The results of a new survey suggest the ‘one-time cost’ to get roads in England and Wales back into reasonable condition is now £11.8bn.
The Asphalt Industry Alliance’s (AIA) Annual Local Authority Road Maintenance (ALARM) survey for 2016 estimates that 13% of England’s road network (excluding London) is in poor structural condition, compared to 12% in London and 6% in Wales.
The report also says the length of time it will take to clear the carriageway maintenance backlog is 14 years, a year longer than predicted in the 2015 report.
Each year the AIA commissions the survey of highways departments in all local authorities in England and Wales to build a picture of the general condition of local roads.
It says the 2016 survey paints ‘an unsettling picture’ and indicates that ‘further decline lies ahead for our local roads’.
The survey highlights that in England (excluding London) during 2015/16, the average local authority highway maintenance budget saw a 16% year-on-year decrease – from £23.4m to £19.8m. However, the figures for London and Wales both rose; London up 20% to £9m and Wales up to £7.8m from £7m.

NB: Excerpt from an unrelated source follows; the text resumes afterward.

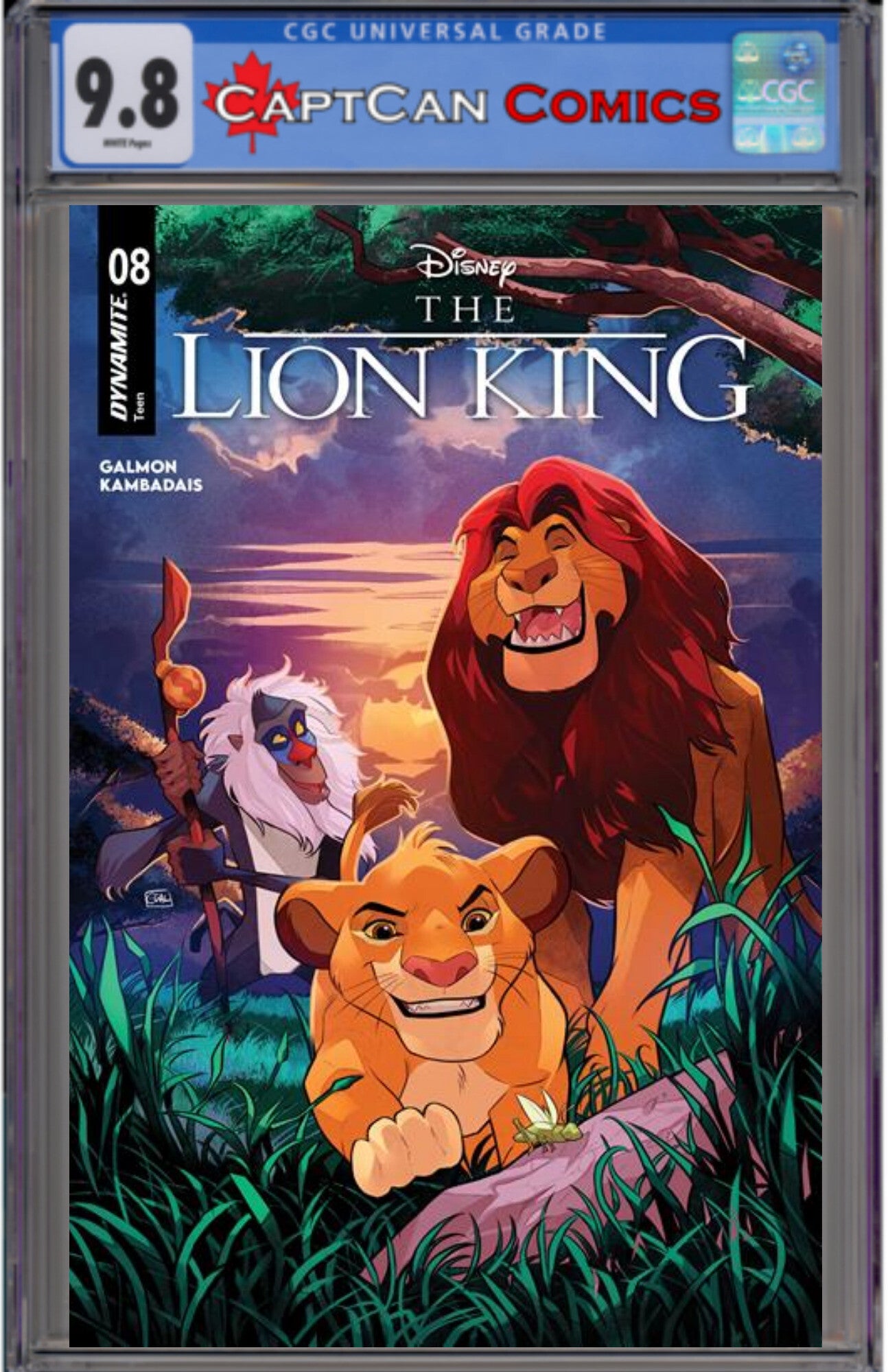 LION KING #8 CVR A EDWIN GALMON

The report also estimates that the total shortfall in annual carriageway maintenance budget is £791m, an average of £4.6m per authority.
The RAC has described the findings as disappointing but not surprising.
David Bizley, RAC chief engineer, said: “While around £1bn a year has been allocated by central government for local roads in England between now and 2020, their condition appears to be getting worse rather than better.
“It’s time for the Government to recognise that local roads are a vital part of the transport infrastructure which should be brought into the scope of the Infrastructure Commission so that they are rightly treated as a long-term strategic asset.
“While the Government’s Road Investment Strategy is ensuring the future ‘fitness-for-purpose’ of the strategic road network in England there is a very real danger that local roads will suffer ongoing decline through insufficient investment and no long-term strategy to improve them.
“What use would it be having excellent motorways, major roads, railways, ports and airports if, when getting to or from them, you are faced with pothole-ridden, crumbling local roads where, of course, all journeys start and finish?”